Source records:

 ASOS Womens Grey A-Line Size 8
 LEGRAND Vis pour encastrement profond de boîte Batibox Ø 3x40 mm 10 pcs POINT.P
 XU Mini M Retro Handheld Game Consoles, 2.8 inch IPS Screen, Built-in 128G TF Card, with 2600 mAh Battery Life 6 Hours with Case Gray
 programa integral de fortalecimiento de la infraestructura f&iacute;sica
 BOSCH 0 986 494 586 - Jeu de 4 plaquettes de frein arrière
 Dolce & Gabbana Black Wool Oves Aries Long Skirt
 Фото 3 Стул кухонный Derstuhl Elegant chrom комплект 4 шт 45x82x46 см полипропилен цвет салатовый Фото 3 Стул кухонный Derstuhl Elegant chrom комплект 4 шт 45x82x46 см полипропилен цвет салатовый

§ WORK ITEM: Exactly reproduce all of the entries.

§ TASK RESPONSE:
 ASOS Womens Grey A-Line Size 8
 LEGRAND Vis pour encastrement profond de boîte Batibox Ø 3x40 mm 10 pcs POINT.P
 XU Mini M Retro Handheld Game Consoles, 2.8 inch IPS Screen, Built-in 128G TF Card, with 2600 mAh Battery Life 6 Hours with Case Gray
 programa integral de fortalecimiento de la infraestructura f&iacute;sica
 BOSCH 0 986 494 586 - Jeu de 4 plaquettes de frein arrière
 Dolce & Gabbana Black Wool Oves Aries Long Skirt
 Фото 3 Стул кухонный Derstuhl Elegant chrom комплект 4 шт 45x82x46 см полипропилен цвет салатовый Фото 3 Стул кухонный Derstuhl Elegant chrom комплект 4 шт 45x82x46 см полипропилен цвет салатовый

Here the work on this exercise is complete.